メタ記憶のコンピュータ内進化に成功!~忘れたことに気づく人工知能~名古屋大学
近年,脳の回路を模したニューラルネットワークを用いた人工知能技術が急速に進展している。本研究の対象はメタ記憶の進化である。メタ記憶とは,例えば「昨日の朝食は何を食べたか覚えているかな?」と考えるときに頭の中で働くような,記憶の存在の有無を調べたりコントロールしたりするような認知機能を意味する。
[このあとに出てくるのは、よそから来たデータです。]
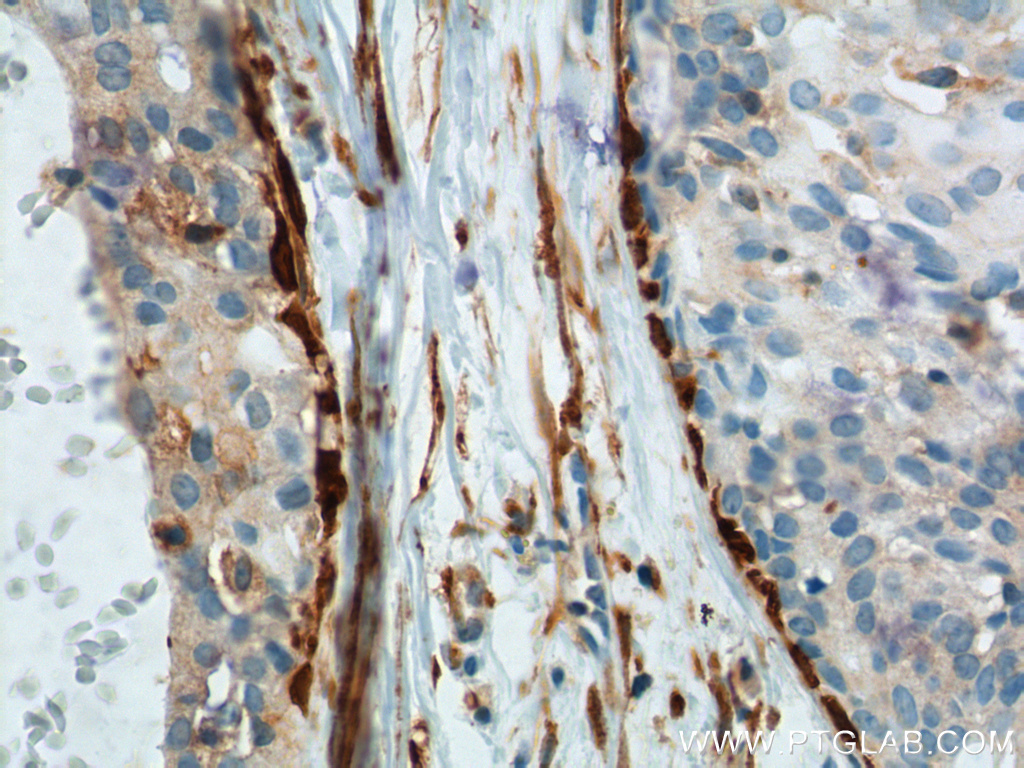 IHC staining of human breast hyperplasia using 66244-1-Ig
本研究では「遅延見本合わせ課題」を採用した。最初に赤い丸などのパターンを見た後,複数パターンから最初のパターンを指し示すテストを受ける。正解だと報酬を得るが,テストを回避しても小さな報酬を得られる。メタ記憶がある場合,記憶に自信があればテストを受け,自信がなければ回避するはずである。
本研究では,この課題を単純化した上で,最初はランダムな構造をもつニューラルネットワーク集団が世代交代を経てメタ記憶をもつように,つまり記憶が壊れがちな場合にはテストを回避するように進化した。ニューラルネットワークの構造だけでなく,ニューロン間結合の強さの調整,つまり学習の方法についても人手によらずに進化によって決まるところがポイントである。この成果は「ヒトらしい心」,さらには「意識」をもつ人工知能の実現の手がかりになることが期待される。